**TASK BRIEF**
Repeat all entries exactly.

**SOURCE MATERIAL**
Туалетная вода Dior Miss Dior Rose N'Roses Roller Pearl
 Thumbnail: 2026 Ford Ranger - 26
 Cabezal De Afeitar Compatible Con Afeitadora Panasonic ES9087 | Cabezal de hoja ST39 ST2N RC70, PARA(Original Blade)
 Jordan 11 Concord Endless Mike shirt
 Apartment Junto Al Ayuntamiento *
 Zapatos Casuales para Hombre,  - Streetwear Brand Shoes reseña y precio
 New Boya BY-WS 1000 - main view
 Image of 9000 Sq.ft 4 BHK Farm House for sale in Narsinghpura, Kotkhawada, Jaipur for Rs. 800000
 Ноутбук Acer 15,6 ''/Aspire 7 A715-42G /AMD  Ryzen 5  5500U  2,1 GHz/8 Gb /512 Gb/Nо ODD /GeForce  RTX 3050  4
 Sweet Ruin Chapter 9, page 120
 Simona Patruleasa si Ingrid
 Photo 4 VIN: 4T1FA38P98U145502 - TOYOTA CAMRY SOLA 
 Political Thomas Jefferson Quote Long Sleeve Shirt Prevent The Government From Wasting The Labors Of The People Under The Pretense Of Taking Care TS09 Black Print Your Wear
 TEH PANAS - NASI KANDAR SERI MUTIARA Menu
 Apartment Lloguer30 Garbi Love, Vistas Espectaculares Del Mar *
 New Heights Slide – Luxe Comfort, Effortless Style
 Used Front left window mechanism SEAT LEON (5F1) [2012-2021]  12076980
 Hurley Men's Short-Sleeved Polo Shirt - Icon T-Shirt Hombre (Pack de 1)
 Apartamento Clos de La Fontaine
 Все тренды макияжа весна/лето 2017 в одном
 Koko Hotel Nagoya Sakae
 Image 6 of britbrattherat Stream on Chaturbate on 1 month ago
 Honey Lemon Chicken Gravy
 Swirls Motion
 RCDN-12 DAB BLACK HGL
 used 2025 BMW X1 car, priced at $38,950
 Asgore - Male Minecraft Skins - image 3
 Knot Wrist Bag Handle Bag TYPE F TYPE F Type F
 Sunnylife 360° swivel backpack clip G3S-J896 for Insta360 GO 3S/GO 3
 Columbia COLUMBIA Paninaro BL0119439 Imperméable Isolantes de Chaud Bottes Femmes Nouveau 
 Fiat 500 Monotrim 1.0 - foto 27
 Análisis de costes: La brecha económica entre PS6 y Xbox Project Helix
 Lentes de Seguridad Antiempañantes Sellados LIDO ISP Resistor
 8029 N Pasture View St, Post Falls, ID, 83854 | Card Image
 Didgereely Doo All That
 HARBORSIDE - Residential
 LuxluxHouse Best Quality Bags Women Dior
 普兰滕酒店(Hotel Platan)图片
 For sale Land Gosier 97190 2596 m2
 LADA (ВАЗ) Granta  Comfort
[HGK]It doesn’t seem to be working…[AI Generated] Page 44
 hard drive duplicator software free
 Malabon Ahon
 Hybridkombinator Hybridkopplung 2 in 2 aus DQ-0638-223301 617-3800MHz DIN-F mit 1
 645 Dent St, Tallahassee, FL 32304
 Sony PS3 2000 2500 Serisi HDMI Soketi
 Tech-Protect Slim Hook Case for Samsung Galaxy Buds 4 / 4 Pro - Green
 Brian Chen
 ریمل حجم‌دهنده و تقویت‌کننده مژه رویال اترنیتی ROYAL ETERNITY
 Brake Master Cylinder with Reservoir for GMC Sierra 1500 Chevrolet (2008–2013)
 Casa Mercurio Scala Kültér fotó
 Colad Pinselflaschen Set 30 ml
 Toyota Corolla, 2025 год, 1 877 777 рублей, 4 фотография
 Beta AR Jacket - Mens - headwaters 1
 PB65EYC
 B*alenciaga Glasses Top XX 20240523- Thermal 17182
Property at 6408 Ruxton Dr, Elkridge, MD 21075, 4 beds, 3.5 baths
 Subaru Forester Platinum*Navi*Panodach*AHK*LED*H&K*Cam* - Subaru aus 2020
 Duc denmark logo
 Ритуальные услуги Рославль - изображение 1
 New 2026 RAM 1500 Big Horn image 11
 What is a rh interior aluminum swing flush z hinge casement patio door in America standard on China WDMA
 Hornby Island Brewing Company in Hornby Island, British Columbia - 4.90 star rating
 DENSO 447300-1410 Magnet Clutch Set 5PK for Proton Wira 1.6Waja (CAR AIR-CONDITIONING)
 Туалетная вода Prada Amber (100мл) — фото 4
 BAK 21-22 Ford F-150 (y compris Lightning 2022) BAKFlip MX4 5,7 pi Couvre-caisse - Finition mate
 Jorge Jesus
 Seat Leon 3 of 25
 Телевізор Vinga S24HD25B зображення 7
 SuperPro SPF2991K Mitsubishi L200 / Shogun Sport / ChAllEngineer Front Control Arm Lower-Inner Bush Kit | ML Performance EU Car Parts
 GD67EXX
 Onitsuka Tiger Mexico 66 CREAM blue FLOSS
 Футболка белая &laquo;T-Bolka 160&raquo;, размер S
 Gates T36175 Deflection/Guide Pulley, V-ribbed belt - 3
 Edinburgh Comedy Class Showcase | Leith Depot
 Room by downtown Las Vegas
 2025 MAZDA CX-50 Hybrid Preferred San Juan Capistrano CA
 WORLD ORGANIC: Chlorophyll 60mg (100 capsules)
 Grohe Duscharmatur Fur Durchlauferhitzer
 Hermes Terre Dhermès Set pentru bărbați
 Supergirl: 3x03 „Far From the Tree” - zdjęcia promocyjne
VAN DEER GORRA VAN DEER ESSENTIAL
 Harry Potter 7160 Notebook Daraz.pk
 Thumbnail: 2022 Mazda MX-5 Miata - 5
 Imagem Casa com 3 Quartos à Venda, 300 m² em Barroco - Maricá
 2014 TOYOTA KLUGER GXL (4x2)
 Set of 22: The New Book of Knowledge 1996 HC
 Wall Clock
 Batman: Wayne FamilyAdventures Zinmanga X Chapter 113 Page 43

**EXERCISE RESPONSE**
Туалетная вода Dior Miss Dior Rose N'Roses Roller Pearl
 Thumbnail: 2026 Ford Ranger - 26
 Cabezal De Afeitar Compatible Con Afeitadora Panasonic ES9087 | Cabezal de hoja ST39 ST2N RC70, PARA(Original Blade)
 Jordan 11 Concord Endless Mike shirt
 Apartment Junto Al Ayuntamiento *
 Zapatos Casuales para Hombre,  - Streetwear Brand Shoes reseña y precio
 New Boya BY-WS 1000 - main view
 Image of 9000 Sq.ft 4 BHK Farm House for sale in Narsinghpura, Kotkhawada, Jaipur for Rs. 800000
 Ноутбук Acer 15,6 ''/Aspire 7 A715-42G /AMD  Ryzen 5  5500U  2,1 GHz/8 Gb /512 Gb/Nо ODD /GeForce  RTX 3050  4
 Sweet Ruin Chapter 9, page 120
 Simona Patruleasa si Ingrid
 Photo 4 VIN: 4T1FA38P98U145502 - TOYOTA CAMRY SOLA 
 Political Thomas Jefferson Quote Long Sleeve Shirt Prevent The Government From Wasting The Labors Of The People Under The Pretense Of Taking Care TS09 Black Print Your Wear
 TEH PANAS - NASI KANDAR SERI MUTIARA Menu
 Apartment Lloguer30 Garbi Love, Vistas Espectaculares Del Mar *
 New Heights Slide – Luxe Comfort, Effortless Style
 Used Front left window mechanism SEAT LEON (5F1) [2012-2021]  12076980
 Hurley Men's Short-Sleeved Polo Shirt - Icon T-Shirt Hombre (Pack de 1)
 Apartamento Clos de La Fontaine
 Все тренды макияжа весна/лето 2017 в одном
 Koko Hotel Nagoya Sakae
 Image 6 of britbrattherat Stream on Chaturbate on 1 month ago
 Honey Lemon Chicken Gravy
 Swirls Motion
 RCDN-12 DAB BLACK HGL
 used 2025 BMW X1 car, priced at $38,950
 Asgore - Male Minecraft Skins - image 3
 Knot Wrist Bag Handle Bag TYPE F TYPE F Type F
 Sunnylife 360° swivel backpack clip G3S-J896 for Insta360 GO 3S/GO 3
 Columbia COLUMBIA Paninaro BL0119439 Imperméable Isolantes de Chaud Bottes Femmes Nouveau 
 Fiat 500 Monotrim 1.0 - foto 27
 Análisis de costes: La brecha económica entre PS6 y Xbox Project Helix
 Lentes de Seguridad Antiempañantes Sellados LIDO ISP Resistor
 8029 N Pasture View St, Post Falls, ID, 83854 | Card Image
 Didgereely Doo All That
 HARBORSIDE - Residential
 LuxluxHouse Best Quality Bags Women Dior
 普兰滕酒店(Hotel Platan)图片
 For sale Land Gosier 97190 2596 m2
 LADA (ВАЗ) Granta  Comfort
[HGK]It doesn’t seem to be working…[AI Generated] Page 44
 hard drive duplicator software free
 Malabon Ahon
 Hybridkombinator Hybridkopplung 2 in 2 aus DQ-0638-223301 617-3800MHz DIN-F mit 1
 645 Dent St, Tallahassee, FL 32304
 Sony PS3 2000 2500 Serisi HDMI Soketi
 Tech-Protect Slim Hook Case for Samsung Galaxy Buds 4 / 4 Pro - Green
 Brian Chen
 ریمل حجم‌دهنده و تقویت‌کننده مژه رویال اترنیتی ROYAL ETERNITY
 Brake Master Cylinder with Reservoir for GMC Sierra 1500 Chevrolet (2008–2013)
 Casa Mercurio Scala Kültér fotó
 Colad Pinselflaschen Set 30 ml
 Toyota Corolla, 2025 год, 1 877 777 рублей, 4 фотография
 Beta AR Jacket - Mens - headwaters 1
 PB65EYC
 B*alenciaga Glasses Top XX 20240523- Thermal 17182
Property at 6408 Ruxton Dr, Elkridge, MD 21075, 4 beds, 3.5 baths
 Subaru Forester Platinum*Navi*Panodach*AHK*LED*H&K*Cam* - Subaru aus 2020
 Duc denmark logo
 Ритуальные услуги Рославль - изображение 1
 New 2026 RAM 1500 Big Horn image 11
 What is a rh interior aluminum swing flush z hinge casement patio door in America standard on China WDMA
 Hornby Island Brewing Company in Hornby Island, British Columbia - 4.90 star rating
 DENSO 447300-1410 Magnet Clutch Set 5PK for Proton Wira 1.6Waja (CAR AIR-CONDITIONING)
 Туалетная вода Prada Amber (100мл) — фото 4
 BAK 21-22 Ford F-150 (y compris Lightning 2022) BAKFlip MX4 5,7 pi Couvre-caisse - Finition mate
 Jorge Jesus
 Seat Leon 3 of 25
 Телевізор Vinga S24HD25B зображення 7
 SuperPro SPF2991K Mitsubishi L200 / Shogun Sport / ChAllEngineer Front Control Arm Lower-Inner Bush Kit | ML Performance EU Car Parts
 GD67EXX
 Onitsuka Tiger Mexico 66 CREAM blue FLOSS
 Футболка белая &laquo;T-Bolka 160&raquo;, размер S
 Gates T36175 Deflection/Guide Pulley, V-ribbed belt - 3
 Edinburgh Comedy Class Showcase | Leith Depot
 Room by downtown Las Vegas
 2025 MAZDA CX-50 Hybrid Preferred San Juan Capistrano CA
 WORLD ORGANIC: Chlorophyll 60mg (100 capsules)
 Grohe Duscharmatur Fur Durchlauferhitzer
 Hermes Terre Dhermès Set pentru bărbați
 Supergirl: 3x03 „Far From the Tree” - zdjęcia promocyjne
VAN DEER GORRA VAN DEER ESSENTIAL
 Harry Potter 7160 Notebook Daraz.pk
 Thumbnail: 2022 Mazda MX-5 Miata - 5
 Imagem Casa com 3 Quartos à Venda, 300 m² em Barroco - Maricá
 2014 TOYOTA KLUGER GXL (4x2)
 Set of 22: The New Book of Knowledge 1996 HC
 Wall Clock
 Batman: Wayne FamilyAdventures Zinmanga X Chapter 113 Page 43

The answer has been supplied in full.